> [Supplied information]:
-- Opening Marker --

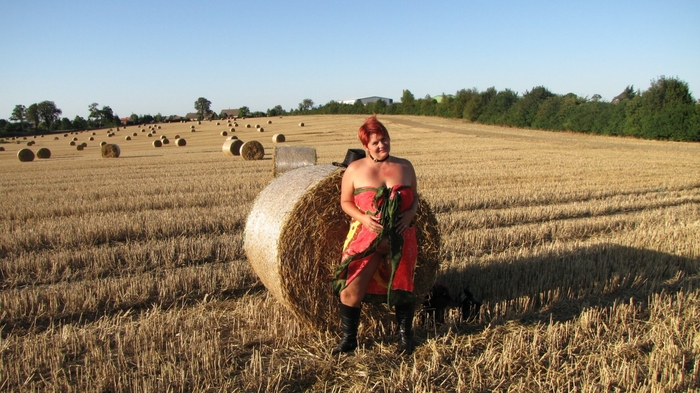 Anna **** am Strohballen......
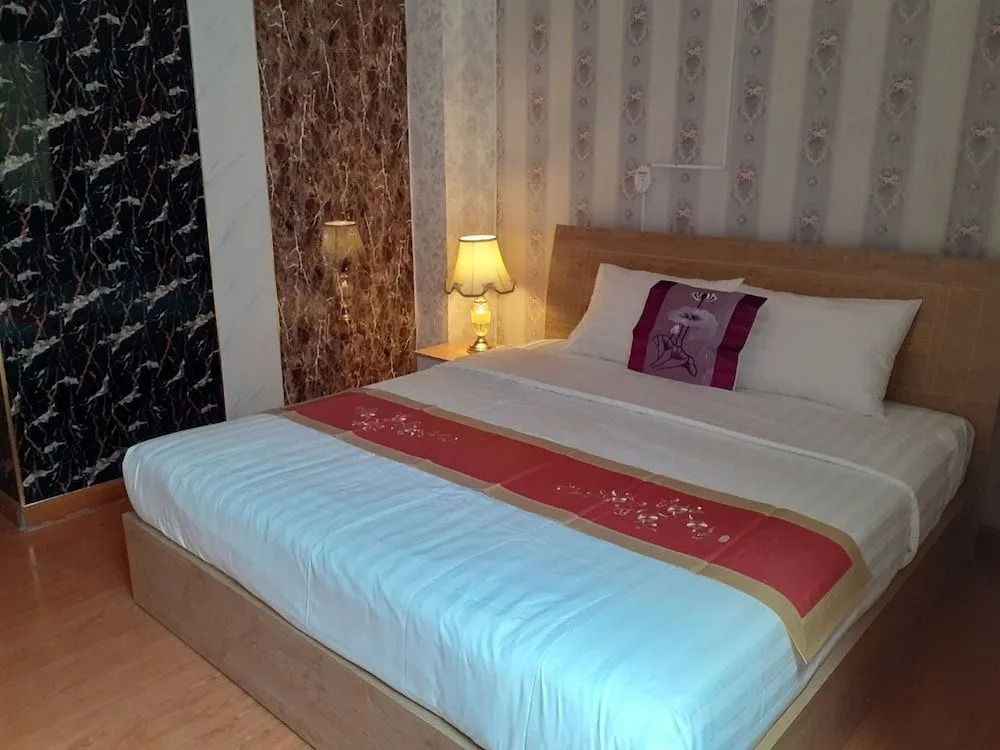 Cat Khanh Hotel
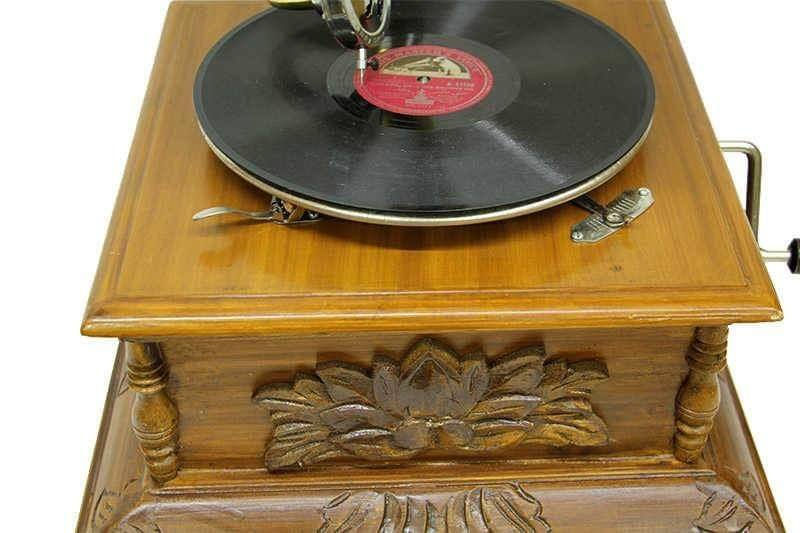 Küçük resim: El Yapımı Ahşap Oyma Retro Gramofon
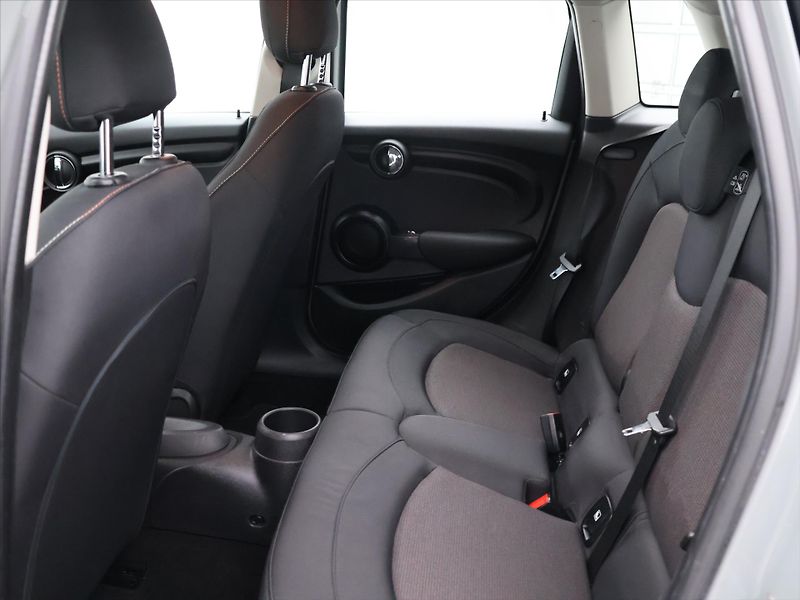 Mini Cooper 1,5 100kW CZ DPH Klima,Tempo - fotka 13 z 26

-- Closing Marker --

> [Aim of the task]: Copy out every line above without change, dropping the pictures.

> [Written response]:
 Anna **** am Strohballen......
 Cat Khanh Hotel
 Küçük resim: El Yapımı Ahşap Oyma Retro Gramofon
 Mini Cooper 1,5 100kW CZ DPH Klima,Tempo - fotka 13 z 26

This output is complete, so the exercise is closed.